The pause on his end says a lot. “She’s solid,” he says finally. “Good woman there. Glad y’all are getting things sorted even if it means you won’t come back to Catawba.”

“She’s more than that.”

“Yeah,” he says quietly. “She always was.”

We don’t talk about Clutch. We never really do. That wound’s still fresh in ways that won’t scab over. But hearing from Little Foot now, when the chemo’s dragging me down and the silence in my head’s louder than ever, it hits different.

“I’m not dying,” I say. “Don’t want anyone getting that idea.”

“You don’t have to prove shit to me, brother,” he replies. “But if you need something—anything at all—you say it. You understand?”

“I know.”

“And if you need someone to show up for you the way you’ve done for everyone else, I’m just a few hours down the road.” Again, he’s always keeping it blunt with me.

That hits harder than it should.

“Appreciate it,” I say. My voice catches a little. “Really.”

“I’ll check in again. Stay on this side of the ground, Toon.”

“Always.”

After I hang up, I sit in the garage for a while, staring at nothing. My fingers twitch to text Dia, just to say someone reached out, that the club isn’t as far removed as it may seem.

But I don’t.

She’s been quiet lately. Overwhelmed, no doubt. Her body’s changing, and she’s carrying thousand pounds of decisions on her shoulders.

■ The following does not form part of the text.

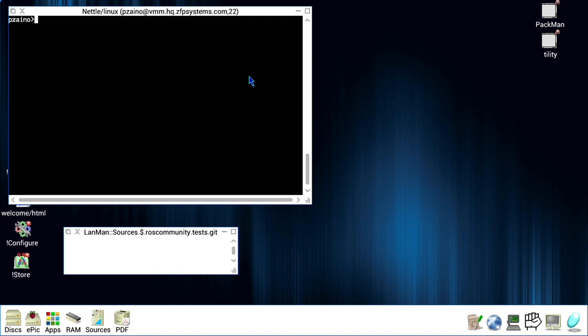Hello. In this video, I'm going to show how to use Git with RISC OS via Linux, Nettl, and OmniClient.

I can’t add mine to the pile.

So I wait.

Evening comes and tonight, I head to the clubhouse just long enough to keep up appearances.

BW throws an arm around me when I walk in. “About damn time. You vanish any longer, we’d send a search party.”

I smirk. “You’d miss me too much.”

“Mostly just your bike,” he jokes. “She’s prettier than you.”

I play along, laughing, but I keep close to the wall, out of the spotlight. I don’t drink. Just nurse a Coke and nod at conversations like I’m paying attention.

Every once in a while, someone claps me on the back too hard and I flinch.

Too weak. Too raw. But no one notices.

Hellions don’t talk about health. We talk about loyalty. Wrecks. Arrests. Club business. But sickness? That’s a whole different kind of vulnerability.

Tripp walks past me once, eyes narrowing.

I give him a look that says not tonight, not here.

He respects it. For now.

I don’t stay long. At home later, I take my shirt off and stare at my reflection in the bathroom mirror.

I look older. Thinner. Hollow around the eyes.

I’ve always been the guy people leaned on. Never the one who needed help.

But lately?

I don’t feel like I’m holding the weight anymore. I feel like I’m under it.

I splash water on my face and sit on the edge of the tub, trying to breathe through the nausea that hasn’t let up since Wednesday.

Dia doesn’t text tonight.

I don’t blame her.

She’s still figuring out how to stand on her own again.

And I’m still trying to figure out how much time I have left to stand with her. The prognosis early in my diagnosis was good. Since starting treatment, though, my numbers aren’t always on track with where the doctor wants them to be. I didn’t go to medical school. Hell, I don’t even have a basic college degree so who am I to question anything.